Could you print the stretch of lines below from the one with "S Troy St &" through the one with "4K Front and", exactly as they stand and without any pictures?

DATA:
Content starts

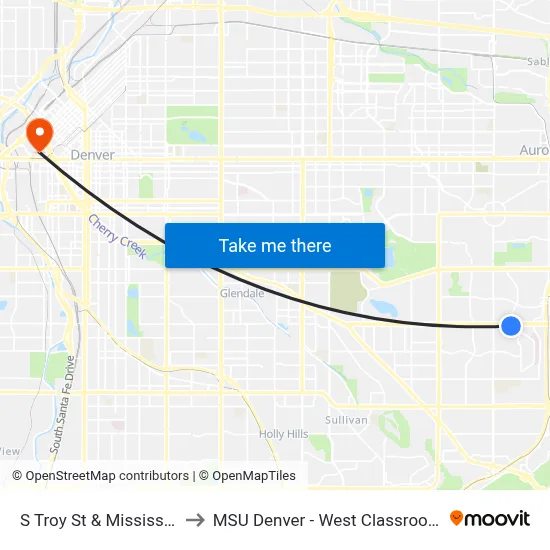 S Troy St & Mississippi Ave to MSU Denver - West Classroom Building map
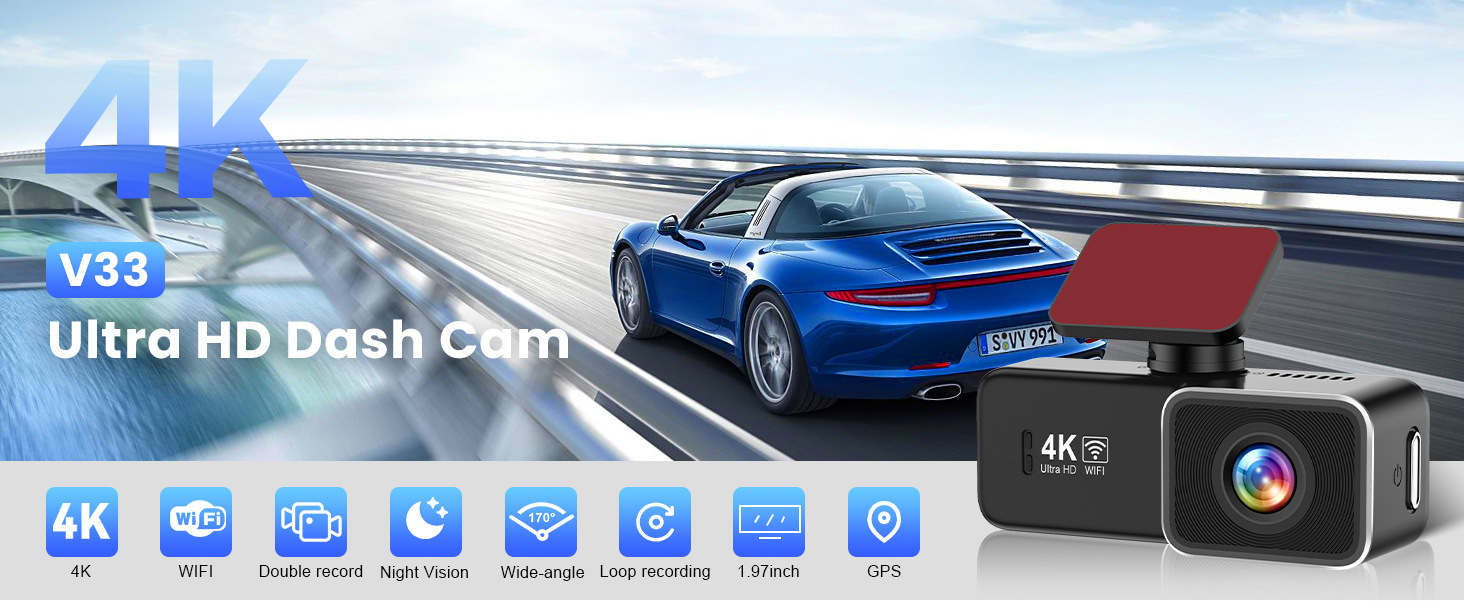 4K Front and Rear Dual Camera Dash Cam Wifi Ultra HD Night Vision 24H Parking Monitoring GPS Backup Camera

Content ends
Content starts

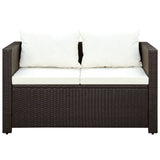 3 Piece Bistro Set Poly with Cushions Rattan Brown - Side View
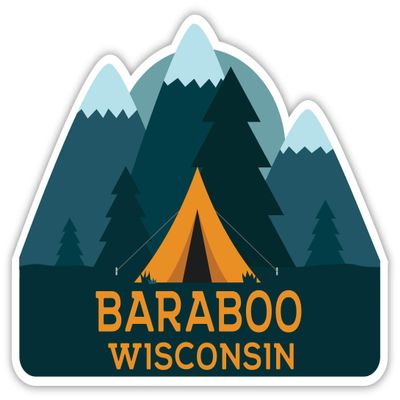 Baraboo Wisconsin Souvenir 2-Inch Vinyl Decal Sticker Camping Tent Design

Content ends

THE ANSWER:
 S Troy St & Mississippi Ave to MSU Denver - West Classroom Building map
 4K Front and Rear Dual Camera Dash Cam Wifi Ultra HD Night Vision 24H Parking Monitoring GPS Backup Camera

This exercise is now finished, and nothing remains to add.